*YOUR OBJECTIVE*.
Your task is to transcribe all of the data below exactly, omitting the images.

[Caption-style text data]
*** Begin section ***
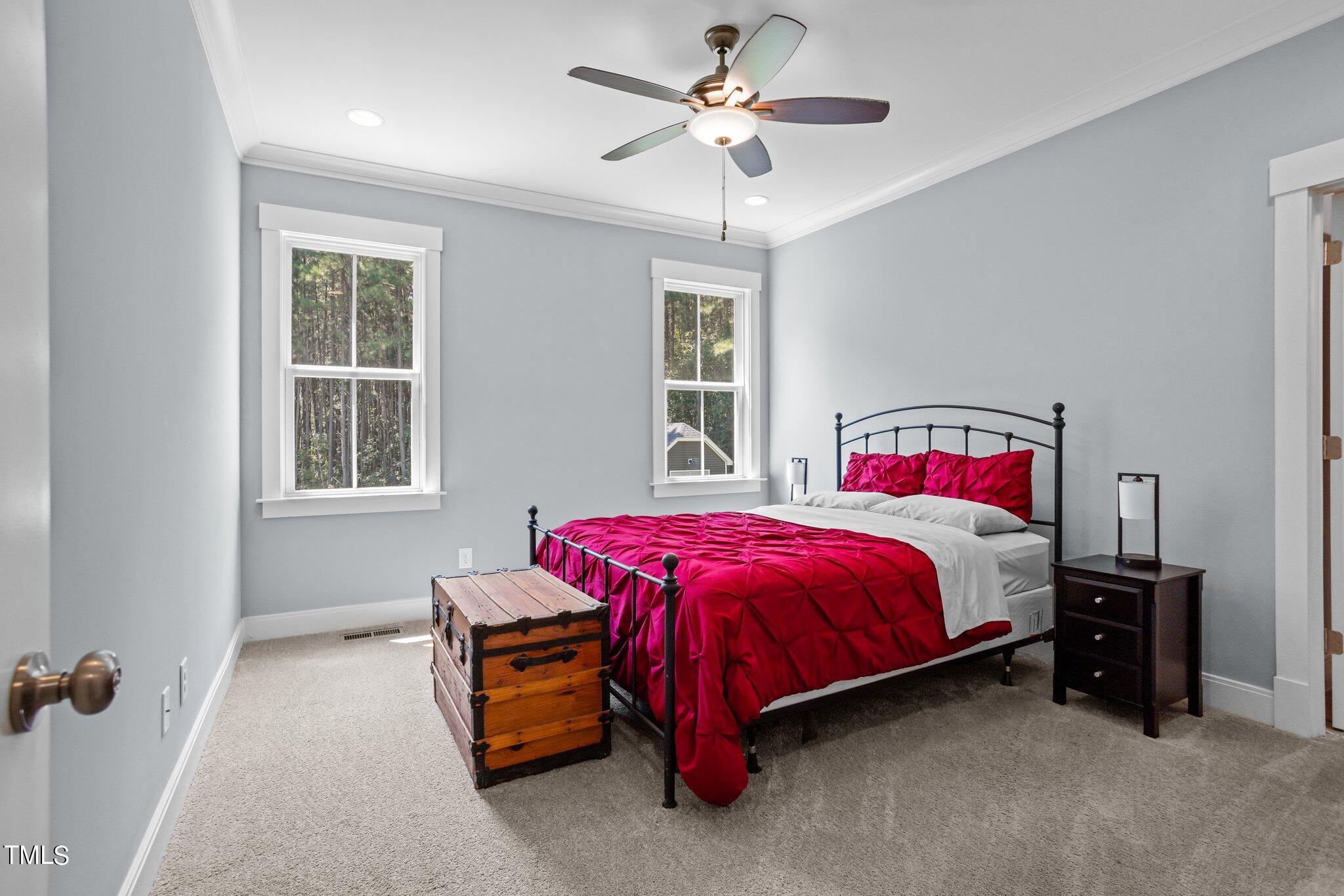205 Tom Wright Road Franklinton, NC 27525 - Photo 19 of 51 19-web-or-mls-3D5A5982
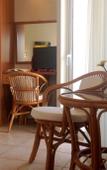 Туры в отель Souris Hotel Туры в отель Souris Hotel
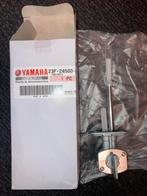 Robinet d’essence yamaha, Motos, Enlèvement ou Envoi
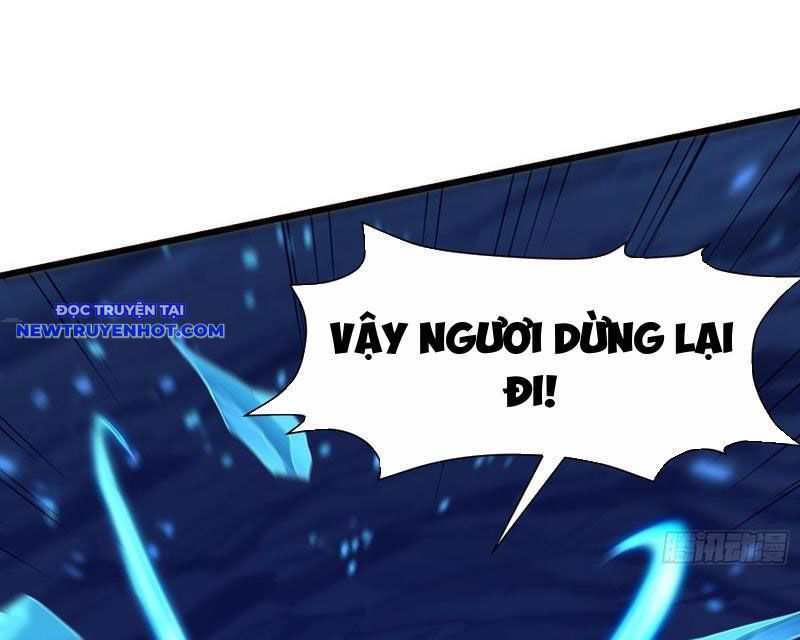 Tôi Trở Thành đối Tượng Thu Thập Của Hậu Cung Dị Giới Chap 60 - Next Chap 61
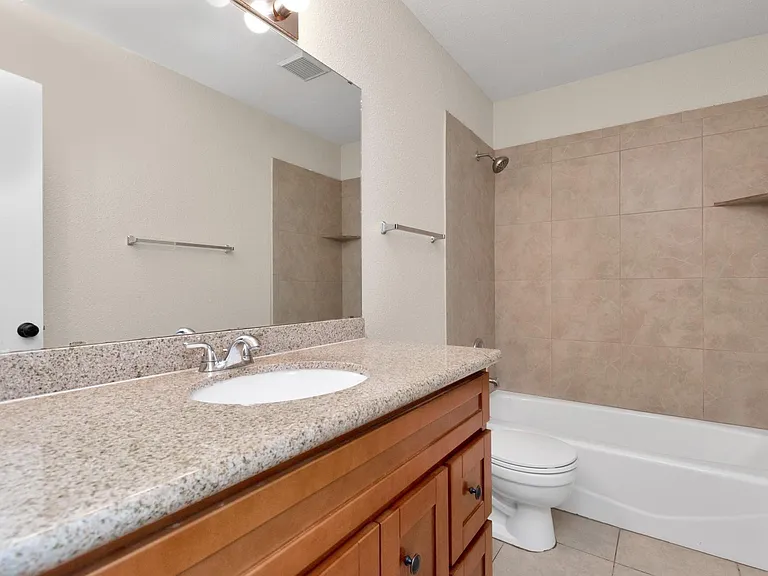 6401 Skyline Dr #38 — Photo 13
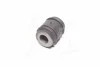 <strong>Сайлентблок важеля задн. Duster 4х4 1,5/1,6 dCi 10- SIDEM 805702 (фото 2)</strong>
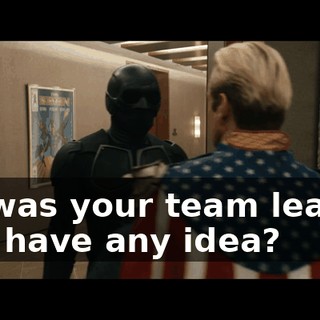 a22a5463-3f9a-43f8-b527-7b08fde1d32a.gif
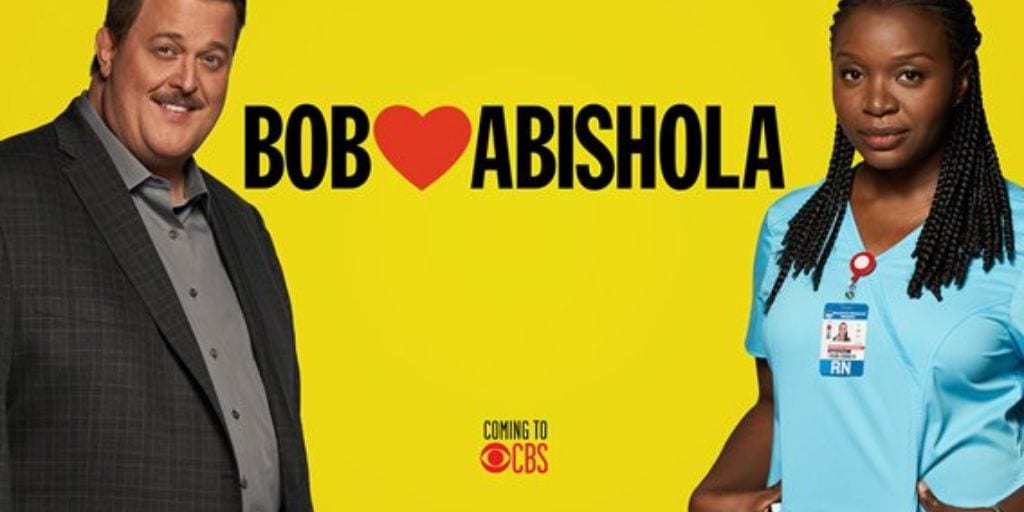 Bob Hearts Abishola Season 5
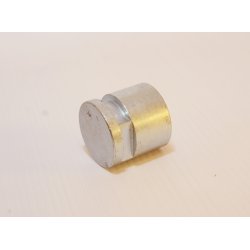 Rulle til Peitz R234-76 Bremser venstre og  H�jre side.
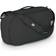 Osprey Mochila Arcane Duffel 30L negro Black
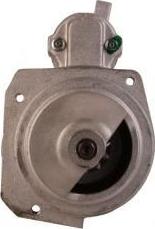 AINDE AI-80130 - Starter www.autospares.lv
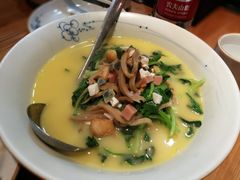-四季民福烤鸭店(前门廊房二条店)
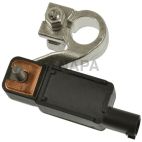 Battery Current Sensor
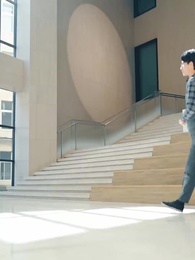 第12集 - 白日繁星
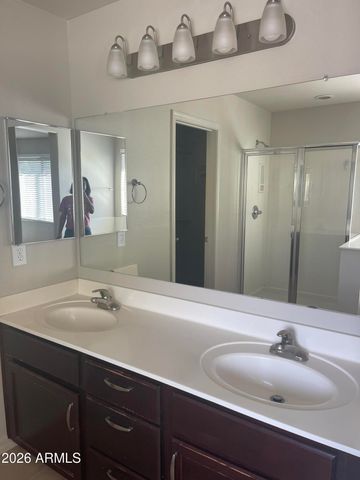 3934 E BATTALA Avenue, Gilbert, AZ 85297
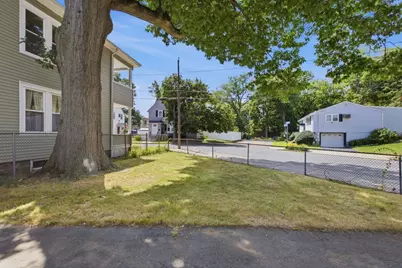 18 Lambert Ave, Lynn, MA 01902 - Photo 13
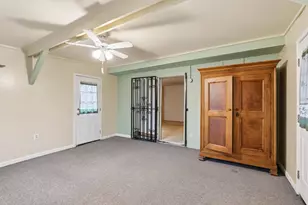 6324 Longdale Dr, North Highlands, CA 95660 - Photo 9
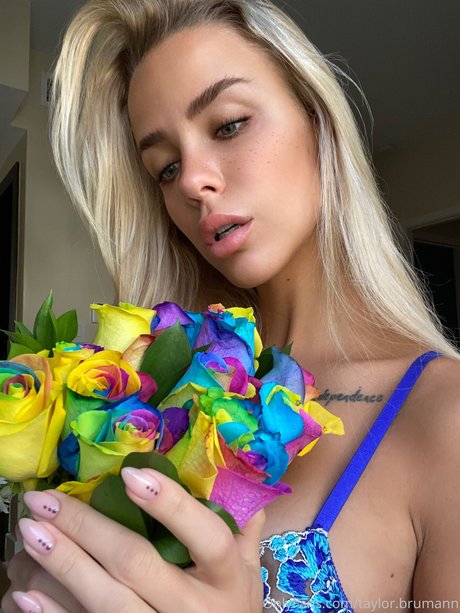 lesbische milf onlyfans hübsche top archiv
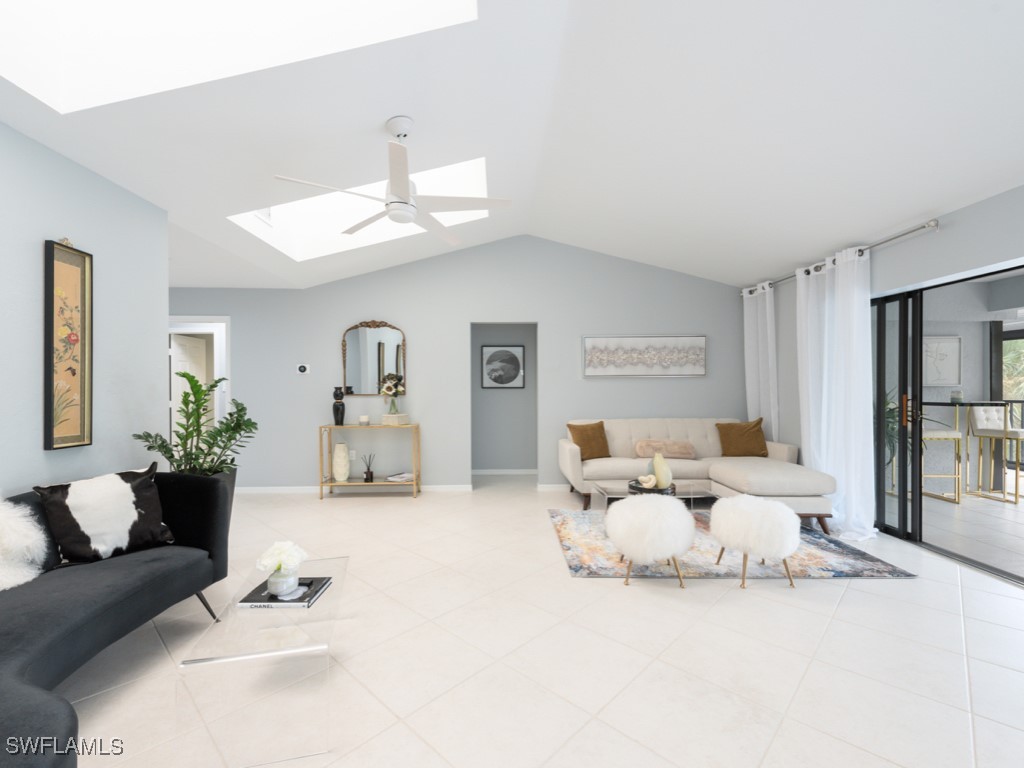 88 Cypress View Drive #F88 Naples FL 34113 225083321 image8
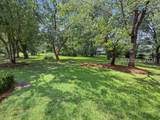 2 Argent Way - Photo 57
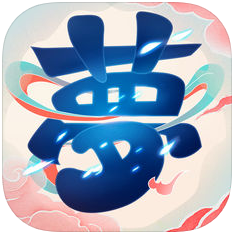 梦话捉妖记 V2.0 苹果版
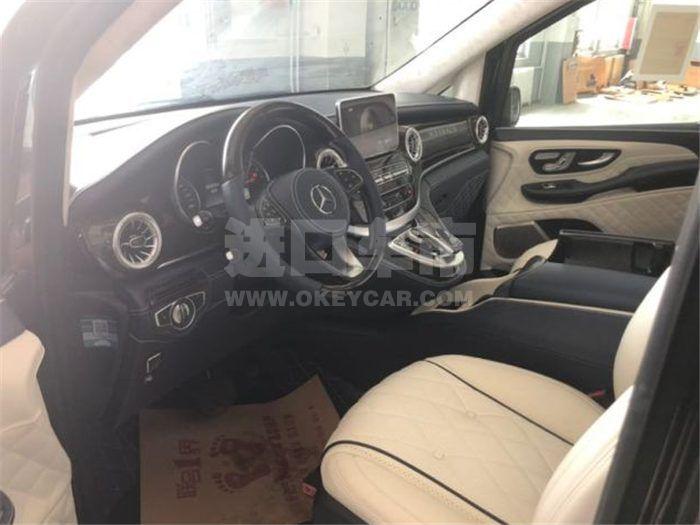 QQ截图20200603130403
*** End section ***
*RESULT OF THIS EXERCISE*.
205 Tom Wright Road Franklinton, NC 27525 - Photo 19 of 51 19-web-or-mls-3D5A5982
 Туры в отель Souris Hotel Туры в отель Souris Hotel
 Robinet d’essence yamaha, Motos, Enlèvement ou Envoi
 Tôi Trở Thành đối Tượng Thu Thập Của Hậu Cung Dị Giới Chap 60 - Next Chap 61
 6401 Skyline Dr #38 — Photo 13
 <strong>Сайлентблок важеля задн. Duster 4х4 1,5/1,6 dCi 10- SIDEM 805702 (фото 2)</strong>
 a22a5463-3f9a-43f8-b527-7b08fde1d32a.gif
 Bob Hearts Abishola Season 5
 Rulle til Peitz R234-76 Bremser venstre og  H�jre side.
 Osprey Mochila Arcane Duffel 30L negro Black
 AINDE AI-80130 - Starter www.autospares.lv
-四季民福烤鸭店(前门廊房二条店)
 Battery Current Sensor
 第12集 - 白日繁星
 3934 E BATTALA Avenue, Gilbert, AZ 85297
 18 Lambert Ave, Lynn, MA 01902 - Photo 13
 6324 Longdale Dr, North Highlands, CA 95660 - Photo 9
 lesbische milf onlyfans hübsche top archiv
 88 Cypress View Drive #F88 Naples FL 34113 225083321 image8
 2 Argent Way - Photo 57
 梦话捉妖记 V2.0 苹果版
 QQ截图20200603130403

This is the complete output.